From the Heart
There are several good songs on From the Heart, but by the end of the album, I was sick of the slow, languorous ballads that Babyface does so well. There’s nothing wrong with most of the songs; they’re just bland, and the delivery becomes monotonous after sixteen tracks. Such is the peril of putting together a compilation of a particular type of song: we lose the variety that makes an album great.
That said, Babyface’s smooth, soulful delivery helps lift mediocre material to the next level, and From the Heart has several standout tracks. “Lady, Lady,” with its undeniable catchy refrain, is among my favorites. Retaining the soft sound Babyface is known for, there’s more emotion and a faster pace in his vocal delivery. A syncopated drum track is also added to get your feet tapping.
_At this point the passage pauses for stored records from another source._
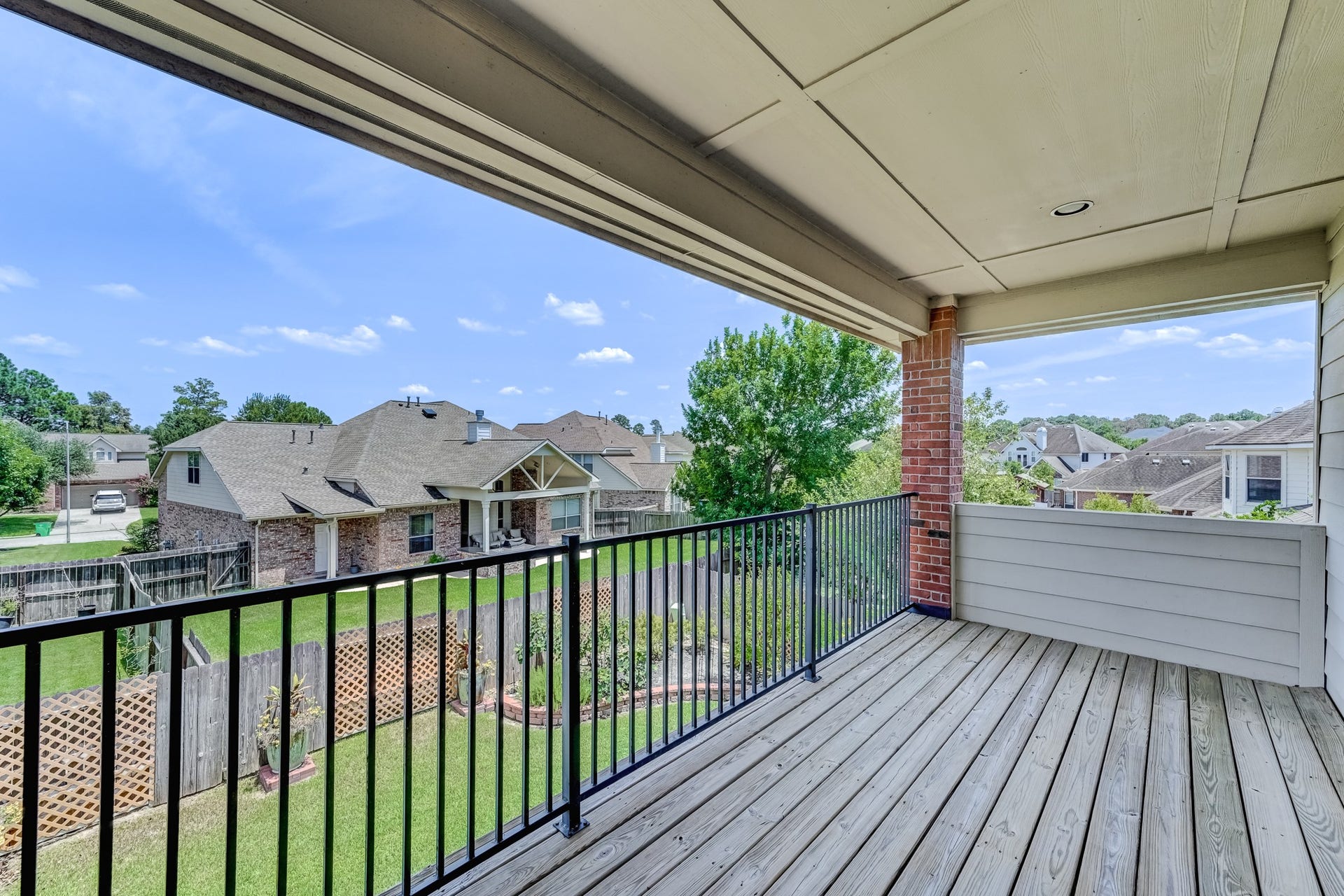 20722 Windrose Bend Drive, Spring, TX 77379 Covered second-floor balcony offers another place to relax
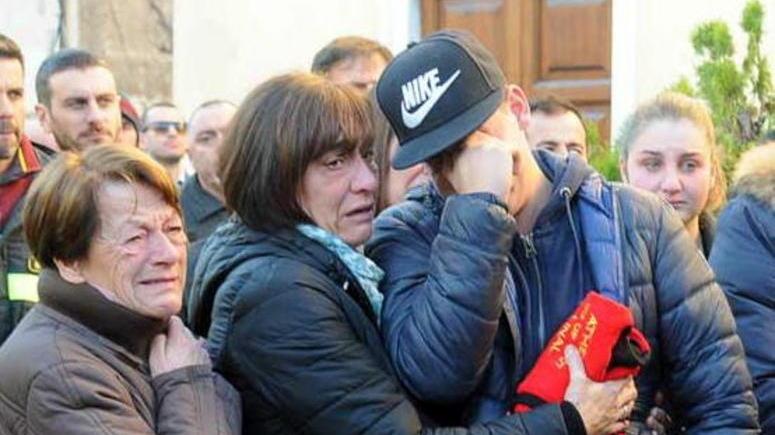 L’autogru per l’ultimo saluto a Francesco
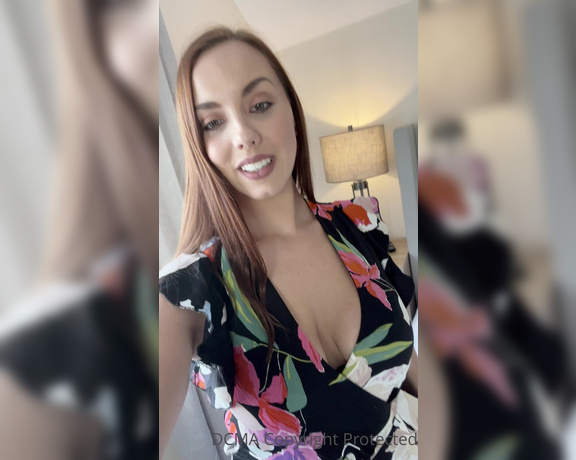 VistaWife aka Vistawife OnlyFans - Oh my what a big surprise you have for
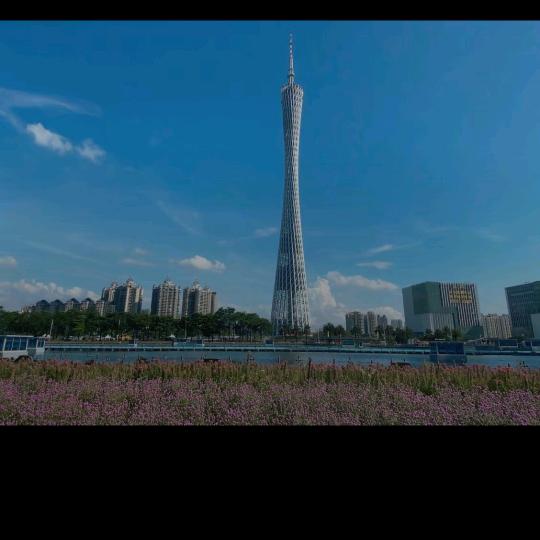 《春暖花开》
“For the Cool in You” is another funky track, with a more prominent rhythm section and polished but slightly sped-up vocals. The saxophone also gives a bit of flavor. The song is original lyrically: Babyface praises his lover for being even-keeled and not giving up easily in the face of difficulties. “This Is For the Lover in You,” a duet with LL Cool J, has a more hip-hop vibe than the rest of the album. LL Cool J raps between Babyface’s sung verses, and Jody Watley provides supporting vocals. Other stars lending a hand are Mariah Carey and Kenny G, who make an appearance on “Every Time I Close My Eyes.”
It’s easy to see why “When Can I See You” was a top-ten hit; the acoustic guitar-dominated, plaintive tune is so different from the rest of Babyface’s oeuvre. The poetic and simple lyrics (“When can my Sunday begin? When can my heart beat again?”) are memorable. “Whip Appeal,” another hit, is an appealing tune on which Babyface lets loose vocally.
While technically the slow ballads are well-done, too often the music and sentiment are tepid, and the lyrics trite. On “I Said I Love You” Babyface croons, “I promise you I will be true,” and on “A Bit Old Fashioned” he proclaims, “I believe a woman is the most precious thing on earth.” My personal animus was “Lovers,” which opens with the precoital dialogue of a man and a woman about to have sex for the first time, which I found disconcerting and condescending. The music itself has little personality, and the patronizing lyrics about how the man will be gentle made me want to gag.
My main complaint is that the material is too polished. Keeping a few of the rough edges would have added diversity and interest to his romantic work. There are enough good songs—and several great ones—to make the album a worthwhile overview of Babyface's love songs.